The 3 that did change however were the ones that suddenly took their education seriously, this happened when the started doing GCSE's, they then worked hard and realised that what they were doing before was really going to hamper their lives.

So what I would advise you to do. Is to not nag him because that may drive him further away from you however to instead try and very gently persuade him and make him realise that education is important. Hopefully he may then catch on and then remove himself from that group himself. There is no way you can force him to move away from that group if he doesn't want too. The only way I have seen it done is for the teen to realise it themselves.

I wish the best of luck too you. It will be hard as that group of people really tend to draw others in and its hard for them to escape, however it is possible. Esspecially because he has a loving mother like you, most of the groups parents won't give two shits about their offspring, however the fact you do hopefully will give you and advantage.

Also however, if he does change then don't expect him to be an angel all of a sudden, the three I know still all smoke tobbaco and weed, however they do it more sensibly now.

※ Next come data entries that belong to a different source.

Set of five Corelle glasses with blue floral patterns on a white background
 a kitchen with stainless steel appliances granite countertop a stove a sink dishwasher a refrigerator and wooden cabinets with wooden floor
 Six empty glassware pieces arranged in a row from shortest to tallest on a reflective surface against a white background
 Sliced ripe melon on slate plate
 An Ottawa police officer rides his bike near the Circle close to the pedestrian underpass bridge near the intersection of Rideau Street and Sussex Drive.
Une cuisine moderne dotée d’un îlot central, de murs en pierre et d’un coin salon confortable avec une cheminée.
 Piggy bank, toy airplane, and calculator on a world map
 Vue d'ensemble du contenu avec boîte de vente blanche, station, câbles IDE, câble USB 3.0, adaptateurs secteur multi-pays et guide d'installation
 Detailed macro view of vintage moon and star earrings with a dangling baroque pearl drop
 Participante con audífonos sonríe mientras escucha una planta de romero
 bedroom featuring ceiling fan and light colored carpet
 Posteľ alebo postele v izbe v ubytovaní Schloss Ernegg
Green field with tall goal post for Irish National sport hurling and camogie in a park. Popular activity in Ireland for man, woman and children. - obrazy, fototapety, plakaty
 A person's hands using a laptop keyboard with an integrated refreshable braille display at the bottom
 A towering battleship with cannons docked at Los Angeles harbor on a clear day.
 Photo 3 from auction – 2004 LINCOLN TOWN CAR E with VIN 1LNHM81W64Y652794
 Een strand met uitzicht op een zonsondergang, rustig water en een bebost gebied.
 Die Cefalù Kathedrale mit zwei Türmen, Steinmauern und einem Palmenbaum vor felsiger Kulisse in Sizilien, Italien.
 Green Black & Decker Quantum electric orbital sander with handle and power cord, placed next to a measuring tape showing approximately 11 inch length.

Claybury Mon 11-Nov-13 20:51:21

Luke what's your experience of the progression to harder drugs ? The group my son is in have been trying ketamine , mdma , 2cb ( at raves/festivals , not in the park) . They are in year 11 and while at school fairly sensible and studying but next summer after GCSE is not a time I'm looking forward to.

lukebsf1 Mon 11-Nov-13 21:49:17


In my experience if they are studying hard at GCSE then that kind of people generally are ok, I know a group (I'm actually pretty good friends with them but don't do they drugs) that sounds exactly like that, and they are doing pretty well at college as they have motivation to do well in education and life, however they do experiment with tonnes of various drugs at the weekends.

Especially since yours sons group have been doing it only at festivals then they do seem to be the kind of people who are able to regulate their drug taking, and therefore mostly tend to be ok as they can seperate work from social life. If they all are motivated to go to sixth form/college then they may have a wild summer however then set back down to work again.

In my view the drugs arn't normally what causes the problems, its the people they take them with that does.

Just to say however I'm basing this off my experience and what I see around me, I'm not a professional in any way.